Historically, the recording industry is dominated by the record companies such as Warner Brothers, Columbia, Decca, etc. (Peterson and Berger 1975). Prior to the emergence of digital music, it took large organizations to manufacture, warehouse, promote, ship, and distribute physical music media. Through vertical integration, record companies took control of the production flow from raw materials (i.e., musical talents in song writing, publishing, and performing); to sales and promotion (e.g., promoting songs on radio programs and/or in movies); and distribution (through wholesale dealerships and warehouses). In the 60s and 70s, within the institutions of the record industry, the prevailing way for artists to make money was through recording their music in the studio and putting it into the machine of the record companies to reach the consumer. Touring, seen as ancillary to records, was used as a way to promote records, and was usually done immediately following the introduction of a new record (Serwer 2002). It was the common belief among the artists that they had to struggle with their first few albums and tour relentlessly before breaking through to a mainstream audience (Strauss 1998). For instance, even though Bruce Springsteen was seen as the new Bob Dylan when he was signed to CBS Records (now Columbia) in 1973, it took him until his third album to be considered a commercial success.

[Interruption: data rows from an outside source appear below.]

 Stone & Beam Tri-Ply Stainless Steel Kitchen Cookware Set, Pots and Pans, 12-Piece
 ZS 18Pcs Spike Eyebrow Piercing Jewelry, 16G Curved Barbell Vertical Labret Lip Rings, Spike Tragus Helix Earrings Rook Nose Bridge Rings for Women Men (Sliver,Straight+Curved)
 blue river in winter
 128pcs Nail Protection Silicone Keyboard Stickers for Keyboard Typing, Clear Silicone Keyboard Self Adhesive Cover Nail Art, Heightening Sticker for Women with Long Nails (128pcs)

Even though the prevailing institutions are championed by the record companies, and do not favor the musicians, the musicians follow the prescriptions of such institutions in hopes of getting their music heard. "In the early days you got paid absolutely nothing," recalls Mick Jagger of Rolling Stones in a recent interview, "the only people who earned money were the Beatles because they sold so many records" (Serwer, 2002). The situation was so bad that by the mid 60s the Stones had reportedly sold ten million singles and five million albums, but the band was still living hand to mouth. "I'll never forget the deals I did in the 60s, which were just terrible. You say, 'Oh, I'm a creative person, I won't worry about this'. But that just doesn't work. Because everyone would just steal every penny you've got", Jagger recalled.

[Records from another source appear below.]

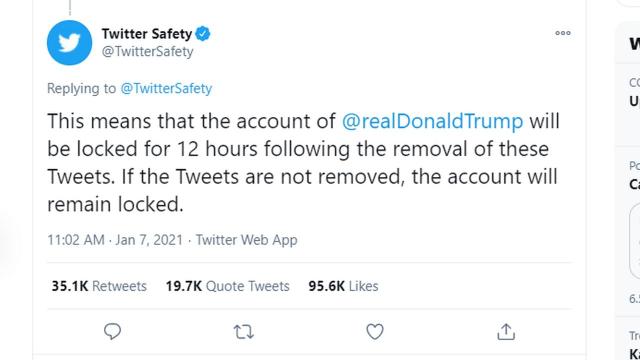Twitter Locks Donald Trump’s Account, Threatens a Permanent Ban [Update: Facebook Also Locked His Account]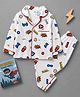 Fancy Fluff Pure Cotton Woven Full Sleeves Comic Book Theme Printed Coordinated Shirt & Pajama Night Suit - Blue & White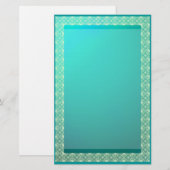 Lijnbaar lint op Blauwgroen metalen bakkerij Briefpapier (Voorkant / Achterkant)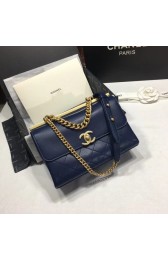 Chanel Flap Original Cowhide Shoulder Bag 56987 dark blue HV03595TP23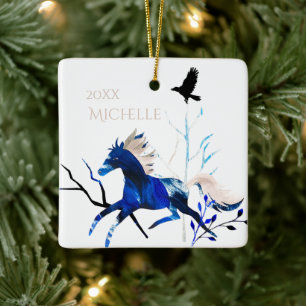 Ornement En Céramique Pony d'hiver personnalisé et Cheval du Corbeau Noë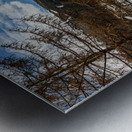 Panorama shot of flooded church tower in Lake Reschen Reschensee in South Tyrol Italy Metal print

The Grateful Dead also recognized the problems with the prevailing institutions upheld by the record companies. The difference between the Grateful Dead and the Rolling Stones is that none of the early studio records produced by the Dead was a commercial success. In the late 60s, the Grateful Dead was carrying a relatively large amount of debt ($100,000). As mentioned by Phil Lesh in his memoir, "at this time [in the 60s and 70s], and indeed up until we finally had a big record, in 1987, none of the band members made anything above a cost-of-living salary" (Lesh, 2005, p. 146). The roots of the band as a performing band let them explore concerts and tours as a direct way to reach and speak to the audience/consumers. It is through this exploration that a community was built.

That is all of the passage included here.